Desde la ancha solana que está a la parte trasera de la casa se abarca toda la huerta en que Melibea y Calisto pasan sus dulces coloquios de amor.
- Oye Meli.
- Que no me llames Meli, que te lo tengo dicho, ¡narices!
- Melibea, que genio tienes.
- El que me parece.
- ¡Y que rica estás!
- No empecemos.
- ¿Y qué te parece morir juntos por amor?
- Muérete tu primero y luego voy yo. Vamos, si no te importa.
- Ya veo que no te hace gracia.
- Pues claro que sí, ¡los amantes de Teruel, tonta ella y tonta el!
- Es que me aburre esto de andar paseando por los jardines estos, con la otra al loro y eso.
- ¡Las manos quietas que cobras!
- ¡Tampoco es para ponerse así, que uno no es de piedra!
- Cada cosa a su tiempo Isto, te lo he dicho ya mil veces. Y ahora paciencia. La culpa la tienes tu, por enredar con la bruja esa. ¿Pero tú que te has creído?
- Se me cruzaron los cables, la culpa la tuvo…
- Pero qué culpa ni que narices, pues no la caló rápido mi madre. A los dos minutos estaba batiendo palmas y la pusieron de patitas en la calle.
- Me dijo que os conocía y pensé…
- ¡Pero que nos va a conocer!
- Tu padre no dijo nada menos mal, es más caritativo el hombre.
- No es esa la versión de mi madre.
- Mejor dejarlo.
- ¡A ver cuando hablas con él, que estás pasmado!
- Deja que pase un tiempo Melibea, que se olvide del lío con la vieja.
- Tu dile que eres de buena familia, y que tienes posibles, lo del piso amueblado, la casa de la playa, que tienes colocación. Y le invitas a cenar.
- Pues sí.
Todo es paz y silencio en la casa. Melibea anda pasito por cámaras y corredores. Lo observa todo; acude a todo. Todo lo previene y a todo acude la diligente Melibea; en todo pone sus ojazos verdes. De tarde en tarde, en el silencio de la casa, se escucha el lánguido y melodioso son de una vihuela: es Alisa que tañe. Otras veces, por los viales de la huerta, se ve escabullirse calladamente la figura alta y esbelta de una moza: es Alisa que pasea entre los árboles.

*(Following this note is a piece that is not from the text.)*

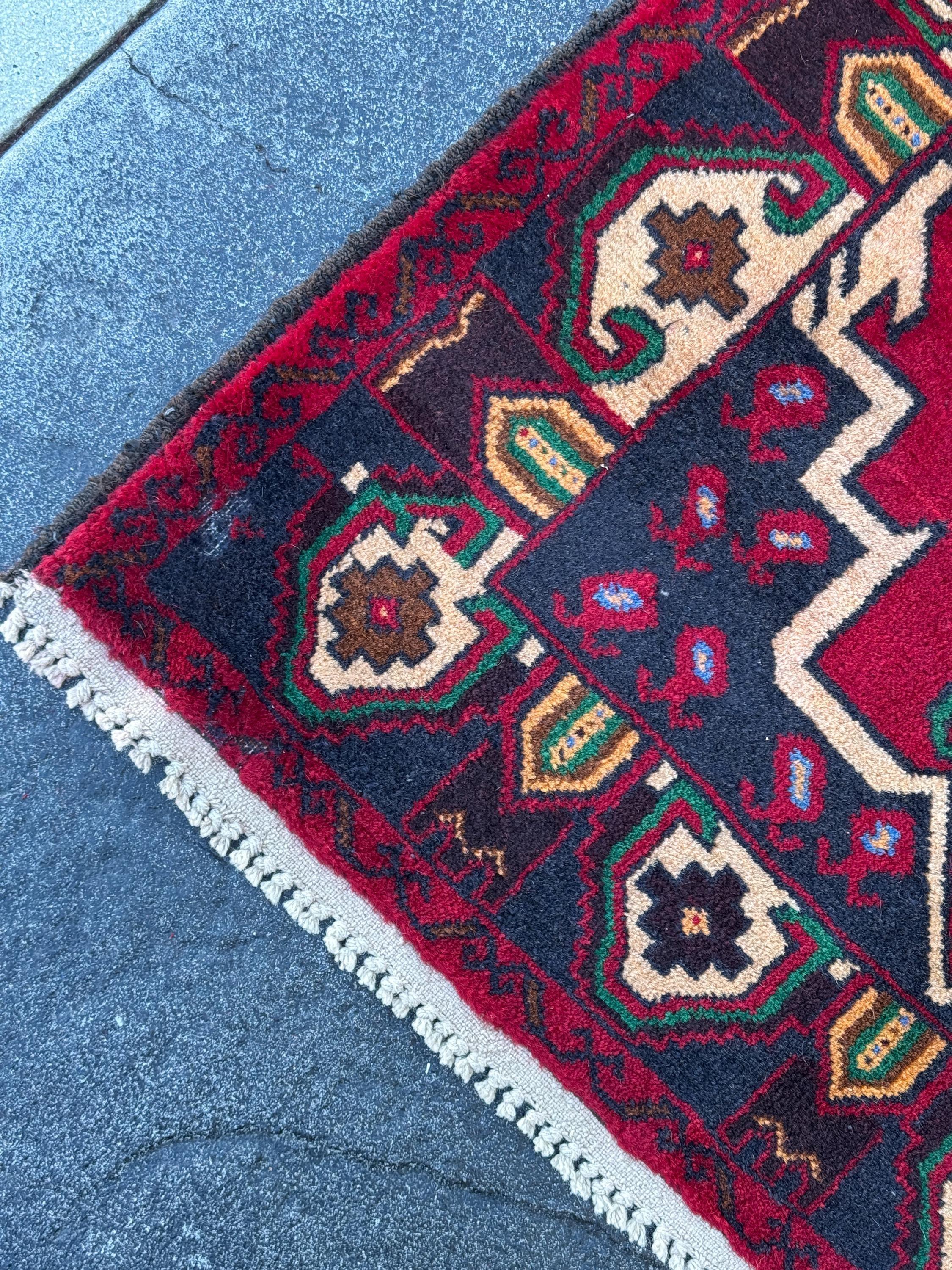3x5 (91x152) Handmade Vintage Afghan Baluch Rug | Blood Burgundy Red Midnight Navy Powder Blue Cream Coffee Tan Brown Forest Green Black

Calixto está en el solejar, sentado junto a uno de los balcones. Tiene el codo puesto en el brazo del sillón, y la mejilla reclinada en la mano. Hay en su casa bellos cuadros; cuando siente apetencia de música, su hija Alisa le regala con dulces melodías; si de poesía siente ganas, en su librería puede coger los más delicados poetas de España e Italia. Le adoran en la ciudad, le cuidan las manos solícitas de Melibea. No tiene Calixto nada que sentir del pasado; pasado y presente están para el al mismo rasero de bienandanza. Nada puede conturbarle ni entristecerle. Y, sin embargo, Calixto, puesta en la mano la mejilla, mira pasar a lo lejos, sobre el cielo azul, las nubes.